Democrats say the prospect of expanding Medicaid benefits scares Republicans in an era of pitched partisan battles over health policy.

“Following the ACA and repeal Obamacare debates, health care, especially Medicaid experience, has become a hot issue — not quite a third rail but definitely hot and our GOP counterparts are a little squeamish,” a Democratic aide working on the issue said.

President Donald Trump last year signed a maternal care measure that directed millions of dollars in new spending to help states collect data on maternal mortality, but has been mum on extending Medicaid coverage to new mothers. His administration will weigh whether to allow Missouri to use its Medicaid programs to offer extended coverage to mothers struggling with addiction — but not the broader Medicaid population.

Meanwhile, the administration is aggressively pursuing an overhaul of Medicaid, finalizing proposals to allow states to apply for block grants that cap program spending and approving requests to condition benefits on work. The administration’s separate efforts to overturn Obamacare would also jeopardize federal subsidies that low-income mothers use to purchase coverage.

The focus on maternal mortality is driven by rising trend lines showing about 700 women die each year due to pregnancy related conditions a rate that’s more than doubled over the last three decades. About a third of the fatalities occur between one week and one year postpartum, according to a recent CDC report, putting the U.S. behind other developed countries for maternal health. And 60 percent of maternal deaths are preventable, with African American women and other minorities disproportionately affected.

Researchers studying the pattern say that extending Medicaid coverage would provide comprehensive benefits for chronic health conditions like heart disease, which accounts for a quarter of maternal deaths.

The postpartum period is such a period of vulnerability,” said Houston physician Lisa Hollier, immediate past president of American College of Obstetricians and Gynecologists and chair of Texas’s Maternal Mortality and Morbidity task force. “The transition time [from pregnancy to full recovery] is one when we see unmet health needs.”

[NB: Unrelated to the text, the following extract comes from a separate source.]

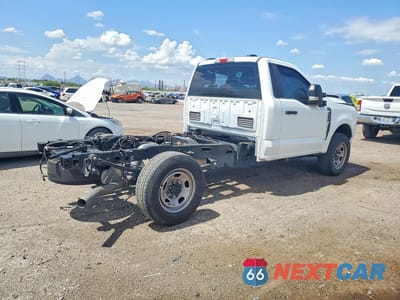 Trzecie zdjęcie samochodu z tyłu: 2024 FORD F350 SUPER DUTY VIN:1FTRF3AA6REC49109 - miniatura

Obamacare helped boost coverage for new mothers. The uninsured rate for women who reported giving birth in the past year fell to 11.3 percent in 2016 from 19.2 percent in 2013 according to a study in Health Affairs.

The gains in states that expanded their Medicaid programs under Obamacare were especially pronounced, with the uninsured rate among new mothers falling 56 percent compared with 29 percent in non-expansion states.

But the Republican-led push to dial back Medicaid expansion has put a spotlight on controlling spending across the entire program.

Some states are exploring alternatives. Missouri’s Department of Social Services this month intends to ask the Trump administration for a waiver that would allow it to offer Medicaid coverage to postpartum women struggling with substance abuse for one year after they give birth. The move would cover about 1,500 of the 24,000 women in the state whose benefits lapse 60 days after childbirth.

The state’s Republican-controlled legislature endorsed the idea last year after killing a broader expansion of Medicaid benefits to postpartum women.

In Texas, where 382 women died within a year of giving birth between 2012 and 2015, Republican Gov. Greg Abbott this week downplayed the state’s maternal mortality rate on Twitter and said that the state was already doing enough to deal with the issue.

Last month, legislators opted to develop postpartum care services within an existing state program geared towards family planning, which will cost about $56 million over five years, instead of extending Medicaid for 12 months, which carried a five-year price tag of nearly $1 billion in state and federal funds.

Kay Ghahremani, the state’s Medicaid director disputes the cost analysis, saying it would actually save money in the long run by promoting wellness and averting potential emergencies.

“It’s the most important thing we can do for maternal health in this state,” said Ghahremani, now president of the Texas Association of Community Health Plans. “We don’t want to see a single mom die from things that are avoidable.”